The Fourth Rail: ALTERCATIONS
As posted 12/18/02 at The Fourth Rail
David Yurkovich has long been doing super-hero comics for those who don't like super-heroes, with unusual concepts such as a man with broccoli for a head or a guy whose power is to turn things into chocolate. So I was surprised to find that Altercations was a relatively straightforward faux-retrospective on super-hero history, lacking any of the really out-there stuff that has defined Yurkovich's work in the past. However, the more analytical look at the super-hero genre is still quite welcome, and though the vignettes often leave me wanting more, I found the structure of this book and the ideas presented within to be solidly entertaining and interesting.
Usually, super-hero histories are little more than marketing for an existing universe, whether it's a handbook, secret files or something of that nature. Yurkovich has his own characters and shared universe of a sort, but Altercations is not set up to shill any of those other books. Instead it's more of a faux-documentary done in comics instead of film, examining some of the fictional events in a fictional universe that defined a certain fictional subculture. The use of chapter breaks by Alfred Pinchley, apparently a noted commentator, really helps to set the tone and having Pinchley and Yurkovich discuss what is real and what has been embellished helps to create an academic tone that really establishes what Altercations is all about.
Leaving aside the overall structure, though, which is fascinating and inventive in itself, Altercations is a variety of bite-sized morsels of Yurkovich's imagination. The stories here explore some old super-hero chestnuts, including the final battle between hero and villain, the revelation of a secret identity, the origin story and confrontations with super-foes, but there's always a little something more to it. The endings of each tale carry with them a weight and reality that sets them apart from your standard super-tale, and hint at a larger canvas of human experience beneath the capes and spandex. I was particularly moved by the endings of "A Brief Encounter" and "The Strongest Woman on Earth," although the strongest story is probably the unexpectedly dark and twisted "At The Mercy of the Monopolist" which reminds us to be careful of labelling the hero and villain without knowing the whole story.

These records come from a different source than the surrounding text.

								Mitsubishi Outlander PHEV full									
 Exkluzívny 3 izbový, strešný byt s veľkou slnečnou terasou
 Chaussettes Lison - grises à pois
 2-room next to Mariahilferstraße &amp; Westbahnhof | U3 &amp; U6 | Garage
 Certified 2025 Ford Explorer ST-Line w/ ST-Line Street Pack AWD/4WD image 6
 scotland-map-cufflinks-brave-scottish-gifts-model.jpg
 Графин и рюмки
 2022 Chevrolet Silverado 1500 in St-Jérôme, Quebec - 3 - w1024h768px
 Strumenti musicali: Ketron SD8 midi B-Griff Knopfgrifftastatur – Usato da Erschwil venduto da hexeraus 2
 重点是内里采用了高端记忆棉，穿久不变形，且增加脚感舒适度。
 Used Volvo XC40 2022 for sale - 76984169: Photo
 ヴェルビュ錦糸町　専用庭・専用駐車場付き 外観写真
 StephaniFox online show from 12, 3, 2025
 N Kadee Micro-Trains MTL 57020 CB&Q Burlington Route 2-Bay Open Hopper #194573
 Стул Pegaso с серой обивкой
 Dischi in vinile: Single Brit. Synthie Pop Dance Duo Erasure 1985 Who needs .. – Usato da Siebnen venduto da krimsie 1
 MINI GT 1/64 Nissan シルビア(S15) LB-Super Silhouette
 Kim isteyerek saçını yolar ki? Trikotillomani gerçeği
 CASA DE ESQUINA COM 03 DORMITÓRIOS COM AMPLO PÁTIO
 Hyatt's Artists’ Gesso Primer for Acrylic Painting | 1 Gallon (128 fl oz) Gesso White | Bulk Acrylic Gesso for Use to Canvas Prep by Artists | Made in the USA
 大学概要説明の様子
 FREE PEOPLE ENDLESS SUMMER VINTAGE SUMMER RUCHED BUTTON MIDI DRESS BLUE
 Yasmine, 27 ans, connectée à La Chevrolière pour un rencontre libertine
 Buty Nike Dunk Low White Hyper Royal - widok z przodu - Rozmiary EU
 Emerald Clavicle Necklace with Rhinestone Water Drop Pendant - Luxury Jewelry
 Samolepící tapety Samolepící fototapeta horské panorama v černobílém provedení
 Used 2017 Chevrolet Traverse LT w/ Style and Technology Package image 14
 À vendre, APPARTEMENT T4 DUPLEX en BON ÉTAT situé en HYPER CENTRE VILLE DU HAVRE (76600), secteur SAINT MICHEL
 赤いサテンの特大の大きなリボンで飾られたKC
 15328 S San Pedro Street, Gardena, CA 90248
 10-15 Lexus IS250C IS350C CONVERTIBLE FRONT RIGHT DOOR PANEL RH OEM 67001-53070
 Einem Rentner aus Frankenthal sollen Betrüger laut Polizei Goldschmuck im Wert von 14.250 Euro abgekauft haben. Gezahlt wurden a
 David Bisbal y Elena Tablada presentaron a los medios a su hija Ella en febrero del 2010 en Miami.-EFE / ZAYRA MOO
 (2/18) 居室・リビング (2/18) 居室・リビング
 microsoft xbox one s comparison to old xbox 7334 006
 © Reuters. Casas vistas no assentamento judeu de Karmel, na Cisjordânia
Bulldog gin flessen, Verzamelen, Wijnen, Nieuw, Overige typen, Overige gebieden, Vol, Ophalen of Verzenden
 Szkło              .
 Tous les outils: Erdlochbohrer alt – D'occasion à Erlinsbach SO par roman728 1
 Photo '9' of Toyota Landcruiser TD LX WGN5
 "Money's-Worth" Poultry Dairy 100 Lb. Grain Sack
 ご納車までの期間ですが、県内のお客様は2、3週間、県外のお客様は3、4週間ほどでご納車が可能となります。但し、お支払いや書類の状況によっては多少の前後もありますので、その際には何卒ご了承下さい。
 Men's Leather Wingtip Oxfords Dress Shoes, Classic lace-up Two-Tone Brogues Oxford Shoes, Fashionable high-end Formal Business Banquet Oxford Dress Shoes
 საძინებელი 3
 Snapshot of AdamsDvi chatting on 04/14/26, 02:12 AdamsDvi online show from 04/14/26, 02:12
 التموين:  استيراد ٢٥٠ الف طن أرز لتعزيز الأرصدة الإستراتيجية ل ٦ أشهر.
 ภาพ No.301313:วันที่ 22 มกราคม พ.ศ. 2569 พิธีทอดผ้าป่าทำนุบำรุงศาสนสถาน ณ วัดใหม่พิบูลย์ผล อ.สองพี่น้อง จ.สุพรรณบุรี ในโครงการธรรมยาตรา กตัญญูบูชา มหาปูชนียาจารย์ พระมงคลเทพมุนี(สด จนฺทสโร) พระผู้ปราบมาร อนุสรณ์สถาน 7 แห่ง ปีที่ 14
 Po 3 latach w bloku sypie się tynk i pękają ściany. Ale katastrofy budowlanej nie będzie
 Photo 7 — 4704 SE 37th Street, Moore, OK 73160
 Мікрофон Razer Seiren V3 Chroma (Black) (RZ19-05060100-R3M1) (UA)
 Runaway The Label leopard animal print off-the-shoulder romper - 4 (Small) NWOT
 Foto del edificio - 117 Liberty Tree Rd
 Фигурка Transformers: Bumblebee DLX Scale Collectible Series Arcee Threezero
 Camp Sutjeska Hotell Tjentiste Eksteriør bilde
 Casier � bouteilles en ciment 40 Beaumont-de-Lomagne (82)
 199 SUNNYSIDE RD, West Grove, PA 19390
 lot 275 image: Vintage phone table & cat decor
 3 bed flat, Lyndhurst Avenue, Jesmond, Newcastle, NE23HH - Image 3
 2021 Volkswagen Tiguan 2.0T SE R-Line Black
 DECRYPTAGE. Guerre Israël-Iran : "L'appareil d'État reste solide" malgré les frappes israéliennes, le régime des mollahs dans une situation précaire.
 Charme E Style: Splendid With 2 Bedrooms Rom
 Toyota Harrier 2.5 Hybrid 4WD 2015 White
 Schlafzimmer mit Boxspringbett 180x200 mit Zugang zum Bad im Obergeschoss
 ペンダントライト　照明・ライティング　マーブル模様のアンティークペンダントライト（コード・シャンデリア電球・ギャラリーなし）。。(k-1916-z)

In terms of artwork, the book is very much a matter of personal taste. Yurkovich's style is one that is more abstract that almost anyone working on super-hero books, and his design sense and color sense is unlike what most super-hero fans will be used to. It's hard to compare the art to anything else, but suffice to say that like the best artists Yurkovich's characters are distinctively his, and like most artists who manage that, a lot of folks won't warm to that very personal style. Those looking for realistic anatomy and detailed backgrounds won't find it here, Yurkovich's style is more expressionistic.
I confess that at $8.95 the whole thing felt a little bit more lightweight than I would have liked, but Yurkovich's work is so distinctive and of such consistent quality that I'm always glad to see more of it. Altercations might be a way to ease into Yurkovich's work for those who are used to more standard super-hero fare, but what I really hope that it does is drive more people to his strange and wonderful work like The Broccoli Agenda and Death By Chocolate.